From a maintenance standpoint, the field will require periodic grooming, but maintenance efforts are greatly reduced. This will be vitally important as it related to the amount of use the new field will get, but will not require the maintenance required by a grass field to accommodate this level of use.
Francis has estimated annual field upkeep costs for grass fields in the district at $25,000. He figures maintenance on the new AstroTurf surfaces to be around $3,000.
Regarding safety, a study at Michigan State University, funded by NFL Charities, found that AstroTurf GameDay Grass systems had performance values more like natural grass than any other synthetic product measured, making it the safest option. In extensive testing, the Horseshoe fiber performs most like natural grass from ball roll, to slide resistance, to the biomechanical function of cleats penetrating and releasing properly.
From an aesthetics standpoint, the fields look amazing. Making it even better is the fact that the football lines and logos are prefabricated and manufactured as part of the field, so the look is consistent.

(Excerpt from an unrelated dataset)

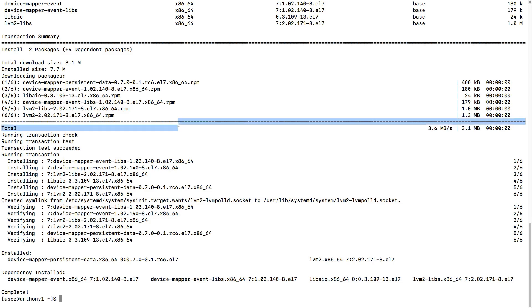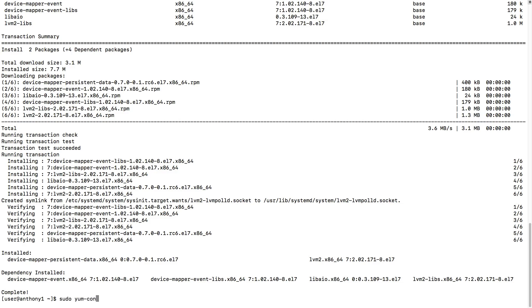Now that our package is installed, we can use the yum config manager in order to add the Docker Community Edition repository. So to do that, we'll do a sudo yum config dash manager dash dash add dash repo and the repo address.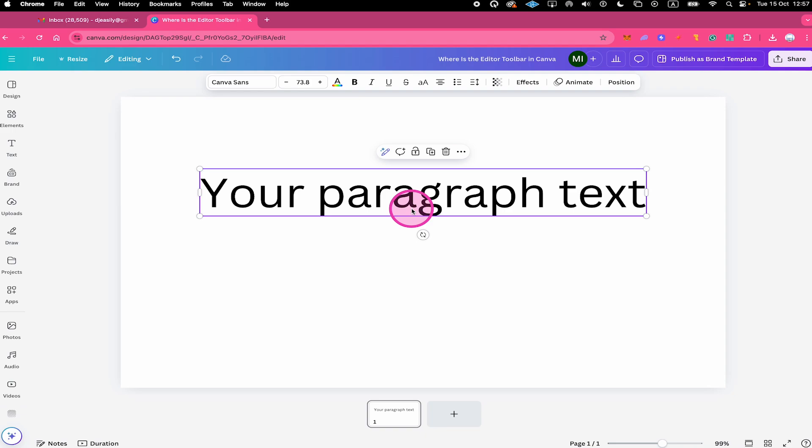So for the text element in the editor toolbar, you can find useful things like the font here, the font size, the font color and so on and so forth.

There are a couple of added benefits. One is the environment. In 2010, BASF did a study comparing AstroTurf fields to natural grass fields. In 11 environmental categories, AstroTurf had a lower environmental footprint than natural grass. Factors contributing to this include reduced maintenance and mowing, which cause a variety of emissions. Other factors include elimination of fertilizers and pesticides, as well as the need for water. AstroTurf fields also use soy-based polyols in the backing of products, reducing their dependence on foreign oil.
From an economic standpoint, over 20 years, AstroTurf fields are, on average, 15% less expensive than natural grass fields, even when the cost of turf replacement is considered.
Finally, the biggest benefit seen by the most people will be the performance of the teams at Bryan and Rudder.